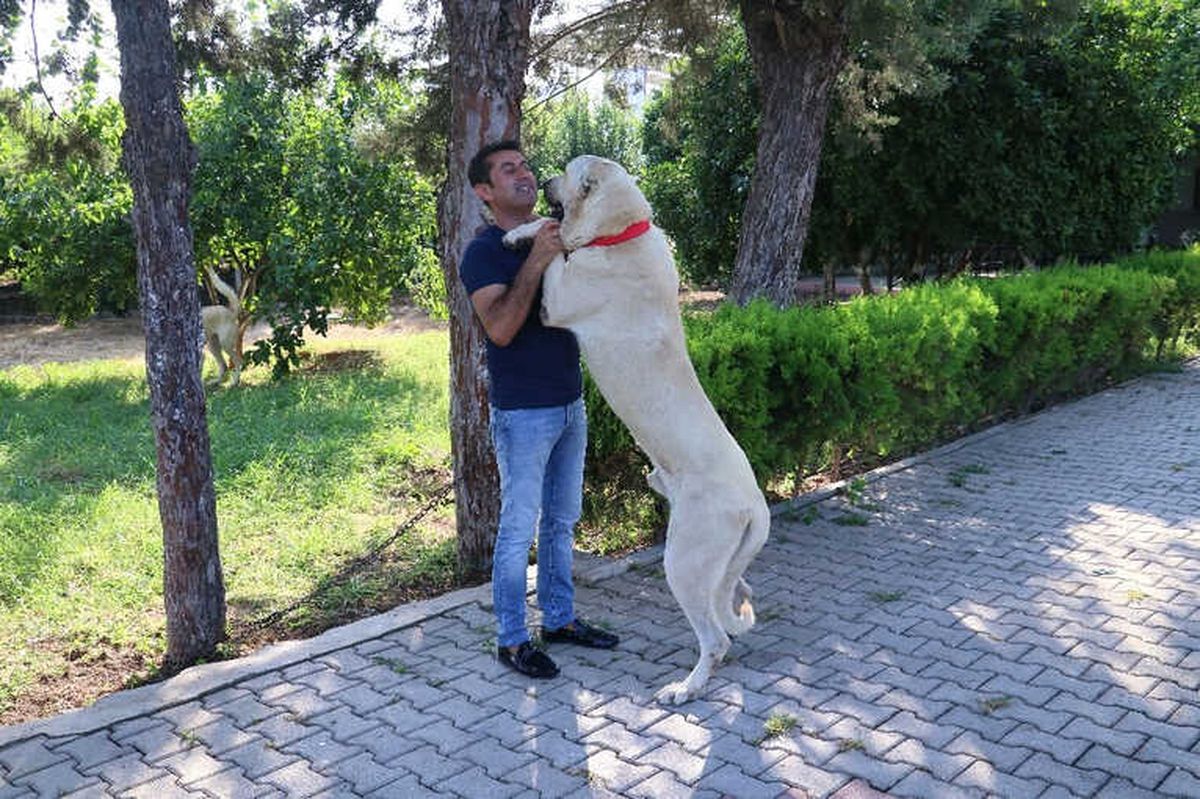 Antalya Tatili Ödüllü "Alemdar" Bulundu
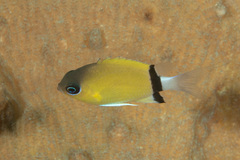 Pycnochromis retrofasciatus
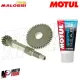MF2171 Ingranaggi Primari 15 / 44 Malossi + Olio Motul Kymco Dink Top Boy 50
━━━━━━━━━━━━━━━━
**WORK TO COMPLETE**
The expected output is the full material above, unaltered, with pictures removed.

**EXERCISE RESULT**
 Antalya Tatili Ödüllü "Alemdar" Bulundu
 Pycnochromis retrofasciatus
MF2171 Ingranaggi Primari 15 / 44 Malossi + Olio Motul Kymco Dink Top Boy 50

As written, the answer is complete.